Activity: Your answer must consist solely of the lines from the one containing "Joyce and Sati" through the last line of the records below, reproduced exactly, with all pictures omitted.
━━━ Dataset
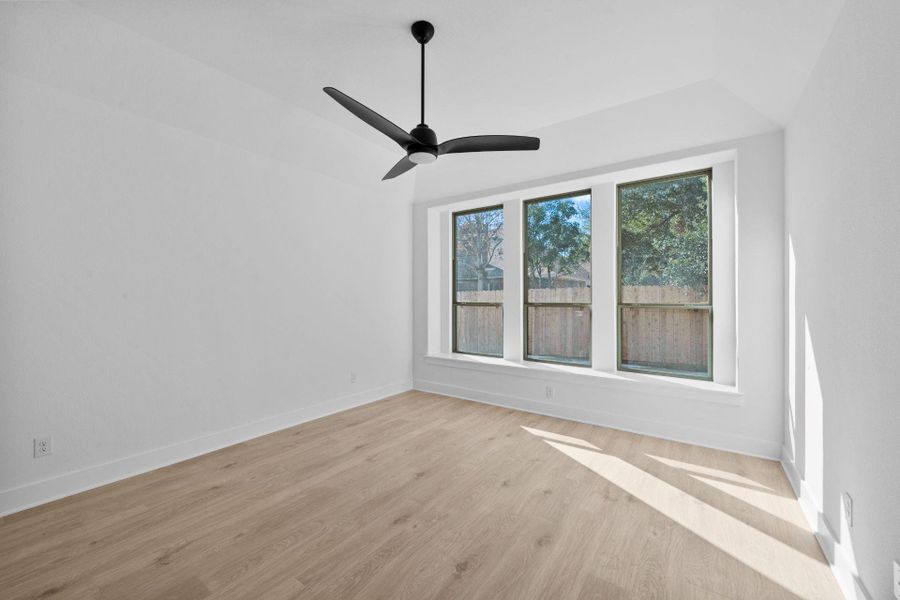 Primary Bedroom with elevated ceiling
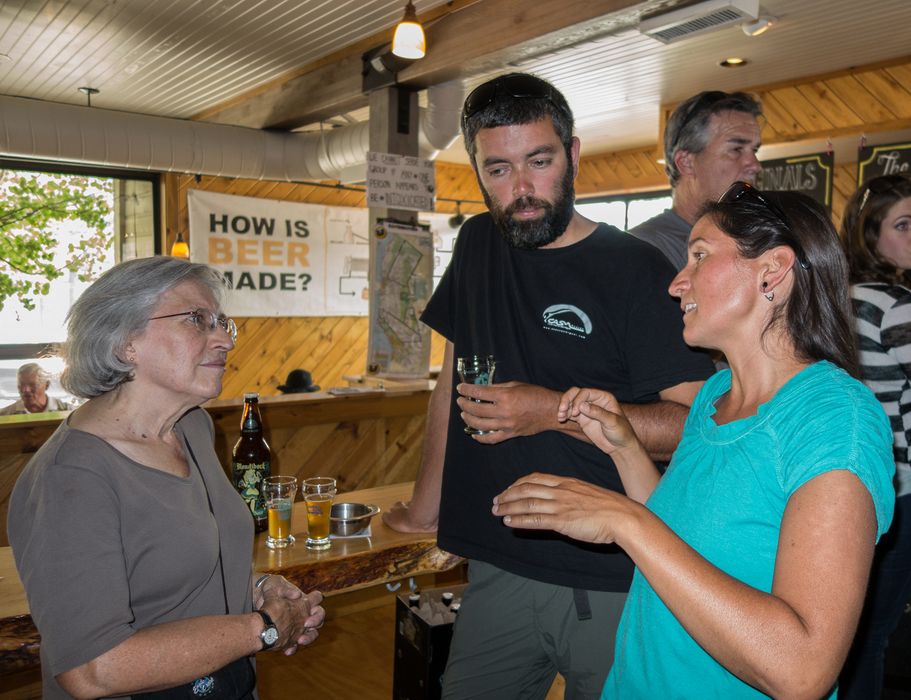 Joyce and Sati listen to Melody's stories while doing some beer tasting.<br />Aug. 1, 2014 - Mammoth Brewing Company, Mammoth Lakes, California.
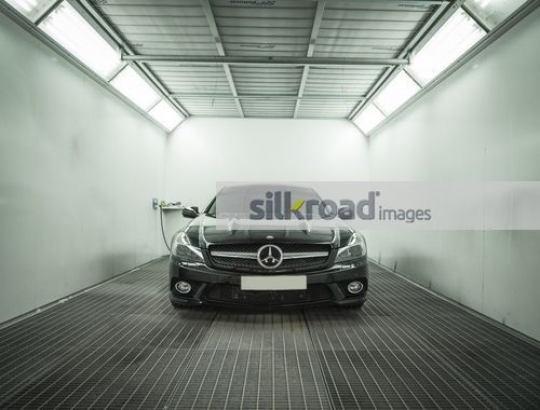 Black car parked at the repair shop|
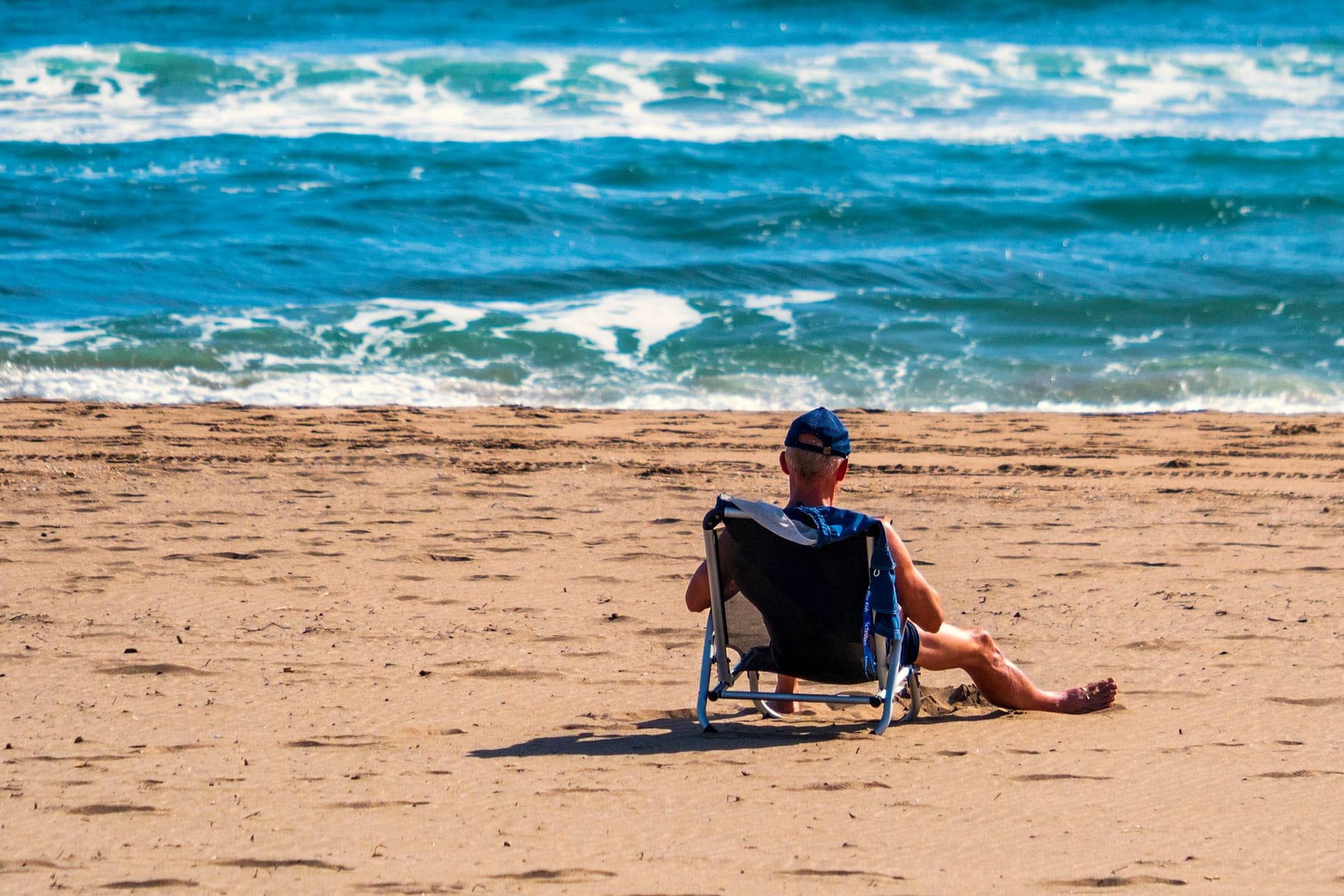 Ein einsamer Tourist am Strand von Roses, Katalonien.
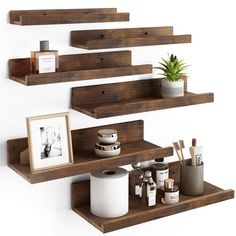 three wooden shelves with various items on them and a potted plant in the middle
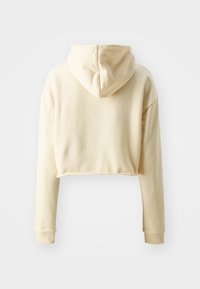 Sweat à capuche court en coton beige doux avec manches longues et capuche ajustable par cordon, doté de poignets côtelés et d'une surface lisse légèrement texturée.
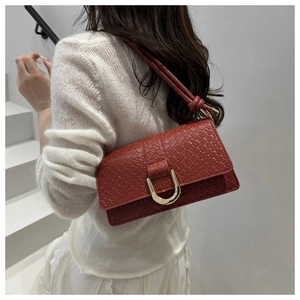 Detail of brick red woven texture shoulder bag with golden horseshoe buckle on model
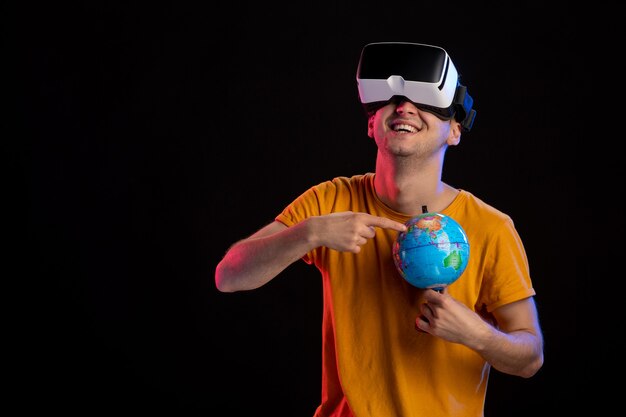 Junger Mann spielt virtuelle Realität, die Globus auf dunkler Oberfläche hält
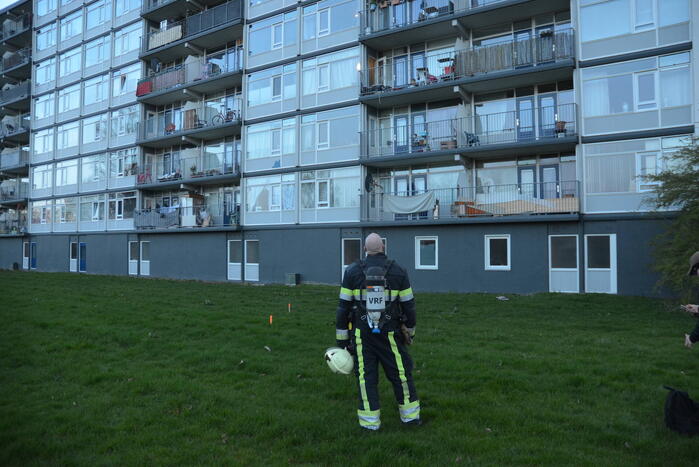Rookoverlast door barbecue op balkon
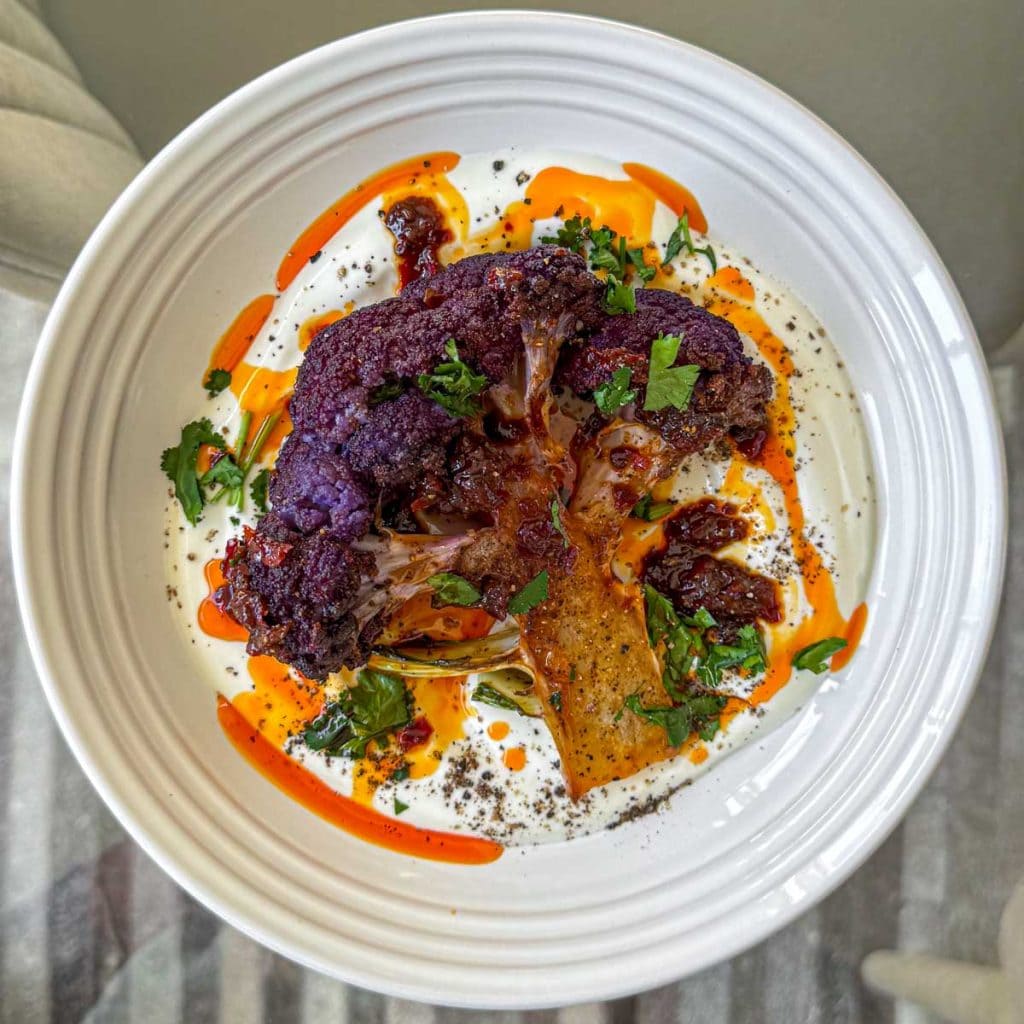 Roasted purple cauliflower, served over thick Greek yoghurt and topped with harissa honey butter.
━━━━━━
Written answer:
 Joyce and Sati listen to Melody's stories while doing some beer tasting.<br />Aug. 1, 2014 - Mammoth Brewing Company, Mammoth Lakes, California.
 Black car parked at the repair shop|
 Ein einsamer Tourist am Strand von Roses, Katalonien.
 three wooden shelves with various items on them and a potted plant in the middle
 Sweat à capuche court en coton beige doux avec manches longues et capuche ajustable par cordon, doté de poignets côtelés et d'une surface lisse légèrement texturée.
 Detail of brick red woven texture shoulder bag with golden horseshoe buckle on model
 Junger Mann spielt virtuelle Realität, die Globus auf dunkler Oberfläche hält
Rookoverlast door barbecue op balkon
 Roasted purple cauliflower, served over thick Greek yoghurt and topped with harissa honey butter.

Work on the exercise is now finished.